VLVL2 (1): Title and Setting (part 1)
Tim Strzechowski
dedalus204 at comcast.net
Sun Jul 13 23:32:55 CDT 2003
from David Cowart, "Attenuated Postmodernism: Pynchon's Vineland." (pp. 3 - 13)
[...] "Vineland retains a myth that its author celebrates rather than deconstructs. Pynchon's setting is a representation of the American land; and he refuses to surrender the myth of American promise, which he seems to construe in terms of some continuing, provisional validity of a leftist political alternative to contemporaneous conservatism. The novel's title announces the mythic ground. It evokes more than the California setting and reputation for viniculture. The author situates the imaginary town that gives the novel its name up near the California border with Oregon, and he expects the reader to make the nominal connection with a town on the other side of the continent. The latitude of the real Vineland -- Vineland, New Jersey -- pretty much coincides with that of the imagined California "Vineland the Good" [Pynchon, 322], haven for Zoyd Wheeler and other displaced persons. This implied spanning of the continent at the latitude of its greatest breadth jibes with the novel's symbolic detail to suggest that Pynchon's setting is really the whole vast tract that the Vikings discovered and named Vineland at the end of the first millenium. Thus the title of Pynchon's fourth novel, published at the end of the second millenium, reminds his American readers that their land las been known to history for exactly a thousand years" [...] (9 - 10).
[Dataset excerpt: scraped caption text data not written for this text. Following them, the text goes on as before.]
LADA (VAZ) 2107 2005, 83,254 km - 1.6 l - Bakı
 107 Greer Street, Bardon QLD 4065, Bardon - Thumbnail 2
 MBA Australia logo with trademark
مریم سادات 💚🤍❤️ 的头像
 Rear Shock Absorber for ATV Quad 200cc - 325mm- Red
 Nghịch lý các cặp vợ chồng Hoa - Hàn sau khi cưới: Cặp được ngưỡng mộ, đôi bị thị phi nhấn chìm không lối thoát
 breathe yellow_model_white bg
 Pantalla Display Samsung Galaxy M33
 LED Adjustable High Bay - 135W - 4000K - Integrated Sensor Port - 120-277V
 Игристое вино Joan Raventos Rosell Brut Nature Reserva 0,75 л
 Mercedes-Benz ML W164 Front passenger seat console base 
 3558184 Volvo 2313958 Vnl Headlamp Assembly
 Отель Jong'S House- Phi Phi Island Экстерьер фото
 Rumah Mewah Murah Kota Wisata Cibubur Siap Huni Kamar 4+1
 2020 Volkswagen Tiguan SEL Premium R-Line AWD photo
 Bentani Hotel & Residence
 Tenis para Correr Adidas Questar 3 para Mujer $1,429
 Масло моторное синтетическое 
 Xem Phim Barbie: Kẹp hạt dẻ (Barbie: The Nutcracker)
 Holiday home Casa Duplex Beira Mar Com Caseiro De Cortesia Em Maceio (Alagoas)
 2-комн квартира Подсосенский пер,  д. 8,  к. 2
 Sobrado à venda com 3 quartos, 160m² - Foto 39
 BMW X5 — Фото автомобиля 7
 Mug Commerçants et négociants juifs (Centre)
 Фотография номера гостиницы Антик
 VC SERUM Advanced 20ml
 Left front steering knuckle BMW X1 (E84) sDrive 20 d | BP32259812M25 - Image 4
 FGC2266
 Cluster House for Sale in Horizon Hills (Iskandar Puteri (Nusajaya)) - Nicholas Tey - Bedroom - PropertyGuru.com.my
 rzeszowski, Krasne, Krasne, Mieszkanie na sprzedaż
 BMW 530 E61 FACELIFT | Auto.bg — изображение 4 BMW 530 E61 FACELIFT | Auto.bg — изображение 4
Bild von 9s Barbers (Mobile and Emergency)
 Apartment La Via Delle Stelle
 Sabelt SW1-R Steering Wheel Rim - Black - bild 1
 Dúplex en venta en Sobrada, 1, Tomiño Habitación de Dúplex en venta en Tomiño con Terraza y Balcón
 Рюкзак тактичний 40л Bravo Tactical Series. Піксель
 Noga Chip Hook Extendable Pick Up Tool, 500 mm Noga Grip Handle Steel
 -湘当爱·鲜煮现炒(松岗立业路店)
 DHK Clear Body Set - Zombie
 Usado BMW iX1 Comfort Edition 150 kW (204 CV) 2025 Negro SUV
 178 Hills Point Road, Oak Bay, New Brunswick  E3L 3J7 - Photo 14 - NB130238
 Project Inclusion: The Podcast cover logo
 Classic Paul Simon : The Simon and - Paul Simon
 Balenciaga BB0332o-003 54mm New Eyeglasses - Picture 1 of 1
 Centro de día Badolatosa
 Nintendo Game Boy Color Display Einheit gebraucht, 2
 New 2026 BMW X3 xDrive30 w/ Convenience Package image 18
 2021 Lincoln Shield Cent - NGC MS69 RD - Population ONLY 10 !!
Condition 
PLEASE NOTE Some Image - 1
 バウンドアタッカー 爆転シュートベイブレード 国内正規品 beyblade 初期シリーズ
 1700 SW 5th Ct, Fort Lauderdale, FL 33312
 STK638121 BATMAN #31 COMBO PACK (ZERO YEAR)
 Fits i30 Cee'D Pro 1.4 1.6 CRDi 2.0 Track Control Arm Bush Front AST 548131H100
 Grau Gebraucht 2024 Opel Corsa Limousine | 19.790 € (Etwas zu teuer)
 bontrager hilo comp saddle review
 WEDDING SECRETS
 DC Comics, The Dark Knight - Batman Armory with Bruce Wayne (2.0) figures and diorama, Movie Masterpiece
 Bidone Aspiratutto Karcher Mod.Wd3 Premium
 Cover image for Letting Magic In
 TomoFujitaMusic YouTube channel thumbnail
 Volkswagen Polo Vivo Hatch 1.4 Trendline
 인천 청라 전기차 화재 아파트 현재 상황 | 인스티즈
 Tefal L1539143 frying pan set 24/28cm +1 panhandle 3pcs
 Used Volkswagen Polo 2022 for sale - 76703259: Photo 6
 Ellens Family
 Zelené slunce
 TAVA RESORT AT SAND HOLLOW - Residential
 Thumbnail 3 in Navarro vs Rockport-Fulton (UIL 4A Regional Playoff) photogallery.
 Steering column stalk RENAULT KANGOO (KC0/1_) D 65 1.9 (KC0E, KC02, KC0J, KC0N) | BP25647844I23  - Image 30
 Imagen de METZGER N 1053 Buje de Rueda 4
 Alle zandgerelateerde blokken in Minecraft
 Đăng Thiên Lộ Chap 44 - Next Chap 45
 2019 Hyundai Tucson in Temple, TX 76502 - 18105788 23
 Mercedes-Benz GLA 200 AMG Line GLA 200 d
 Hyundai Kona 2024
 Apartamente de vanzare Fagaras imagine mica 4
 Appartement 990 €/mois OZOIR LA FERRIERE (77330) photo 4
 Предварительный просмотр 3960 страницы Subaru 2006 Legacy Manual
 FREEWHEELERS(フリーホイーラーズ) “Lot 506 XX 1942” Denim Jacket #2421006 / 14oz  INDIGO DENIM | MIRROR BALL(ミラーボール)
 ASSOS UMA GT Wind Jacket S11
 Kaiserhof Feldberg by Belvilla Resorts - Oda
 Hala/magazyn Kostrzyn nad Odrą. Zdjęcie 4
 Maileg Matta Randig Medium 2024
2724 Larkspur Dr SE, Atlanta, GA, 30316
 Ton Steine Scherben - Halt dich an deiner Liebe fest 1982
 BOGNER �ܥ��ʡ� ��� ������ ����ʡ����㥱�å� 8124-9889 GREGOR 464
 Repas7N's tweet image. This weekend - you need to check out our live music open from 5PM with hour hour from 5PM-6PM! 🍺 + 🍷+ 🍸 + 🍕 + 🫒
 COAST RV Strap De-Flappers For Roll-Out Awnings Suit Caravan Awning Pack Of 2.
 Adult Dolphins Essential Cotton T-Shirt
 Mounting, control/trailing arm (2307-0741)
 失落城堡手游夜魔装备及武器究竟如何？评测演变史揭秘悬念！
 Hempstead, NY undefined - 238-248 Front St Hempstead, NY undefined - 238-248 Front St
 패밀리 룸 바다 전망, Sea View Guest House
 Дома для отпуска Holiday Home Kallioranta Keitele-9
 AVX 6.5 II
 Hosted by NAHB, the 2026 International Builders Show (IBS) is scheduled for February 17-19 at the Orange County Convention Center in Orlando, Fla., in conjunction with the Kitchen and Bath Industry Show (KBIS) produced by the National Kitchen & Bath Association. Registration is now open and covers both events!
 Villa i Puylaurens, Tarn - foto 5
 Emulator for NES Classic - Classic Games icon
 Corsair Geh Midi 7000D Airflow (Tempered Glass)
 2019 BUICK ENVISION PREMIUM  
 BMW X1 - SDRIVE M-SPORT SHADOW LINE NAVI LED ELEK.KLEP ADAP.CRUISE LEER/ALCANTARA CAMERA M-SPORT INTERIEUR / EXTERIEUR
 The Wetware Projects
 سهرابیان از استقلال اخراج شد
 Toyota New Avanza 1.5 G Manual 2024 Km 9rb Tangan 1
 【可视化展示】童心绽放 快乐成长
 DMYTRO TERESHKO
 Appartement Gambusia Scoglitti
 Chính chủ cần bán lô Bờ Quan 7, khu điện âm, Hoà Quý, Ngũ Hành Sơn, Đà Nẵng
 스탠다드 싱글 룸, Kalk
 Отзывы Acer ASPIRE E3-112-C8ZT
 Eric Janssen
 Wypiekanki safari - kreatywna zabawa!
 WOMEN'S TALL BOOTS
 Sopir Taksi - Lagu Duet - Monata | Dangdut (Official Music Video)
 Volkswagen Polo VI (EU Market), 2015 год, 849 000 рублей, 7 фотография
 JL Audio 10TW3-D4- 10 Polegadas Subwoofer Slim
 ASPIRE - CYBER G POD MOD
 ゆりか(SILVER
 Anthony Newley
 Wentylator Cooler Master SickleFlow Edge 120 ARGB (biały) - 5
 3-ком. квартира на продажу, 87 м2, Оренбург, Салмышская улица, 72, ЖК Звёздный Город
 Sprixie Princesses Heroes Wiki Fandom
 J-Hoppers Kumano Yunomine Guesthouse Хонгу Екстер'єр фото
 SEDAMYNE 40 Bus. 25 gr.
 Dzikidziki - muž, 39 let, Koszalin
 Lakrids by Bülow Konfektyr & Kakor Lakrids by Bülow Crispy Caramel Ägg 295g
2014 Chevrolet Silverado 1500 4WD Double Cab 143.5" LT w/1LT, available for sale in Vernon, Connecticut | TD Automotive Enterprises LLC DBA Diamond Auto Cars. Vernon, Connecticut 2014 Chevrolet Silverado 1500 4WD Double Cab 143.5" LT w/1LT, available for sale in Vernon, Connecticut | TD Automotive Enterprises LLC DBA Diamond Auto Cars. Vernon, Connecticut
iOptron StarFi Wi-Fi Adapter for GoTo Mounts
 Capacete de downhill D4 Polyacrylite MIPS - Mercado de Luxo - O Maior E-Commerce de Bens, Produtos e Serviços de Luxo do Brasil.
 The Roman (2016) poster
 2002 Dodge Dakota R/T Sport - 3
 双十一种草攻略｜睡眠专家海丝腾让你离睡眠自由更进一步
from Elaine B. Safer, "Pynchon's World and Its Legendary Past: Humor and the Absurd in a Twentieth-Century Vineland" (pp. 46 - 67)
"Suggesting the pastoral world of years gone by, Pynchon's Vineland is still geographically a "Harbor of Refuge" as it was in the 1850s "to vessels that may have suffered on their way North from the strong headwinds." It looks out on the bay (probably Humboldt Bay) with the city of Vineland curving "the length of the harbor's shoreline" [Pynchon, 316]. Even in later years, as one drives toward it, one comes "at last up a long forest-lined grade [ . . .and as] the trees fold away [ . . . ] dizzily into view," one sees Vineland, with its pale bridges, salmon boats, and beautiful shoreline [317]. The narrator muses over Vineland: "Someday this would be all part of a Eureka-Crescent City-Vineland megalopolis, but for now the primary sea coast, forest, riverbanks and bay were still not much different from what earlier visitors in Spanish and Russian ships had seen" [317]. Such thoughts recall the celebrated reveries of Nick Caraway at the close of The Great Gatsby: "And as the moon rose higher the inessential houses began to melt away until gradually I became aware of the old island here that flowered once for Dutch sailors' eyes -- a fresh, green breast of the new world." Pynchon's passage has been described as ringing "a dirgelike note of corroboration. Out there at the New World's newest New world -- the coast of California -- one catches an echo of hopes mislaid, a continent betrayed." The novel's title also recalls the discovery of America by Leif the Lucky and his fellow Vikings. For these Norsemen exiled from their homeland, Vinland represented an opportunity for a new life in a land with rich woods, white sandy beaches, grapes and vines, and a good climate" [...] (49 - 50)
both quotations from:
The Vineland Papers. Ed. Geoffrey Green, Donald J. Greiner, and Larry McCaffery. Normal, IL: Dalkey Archive Press, 1994.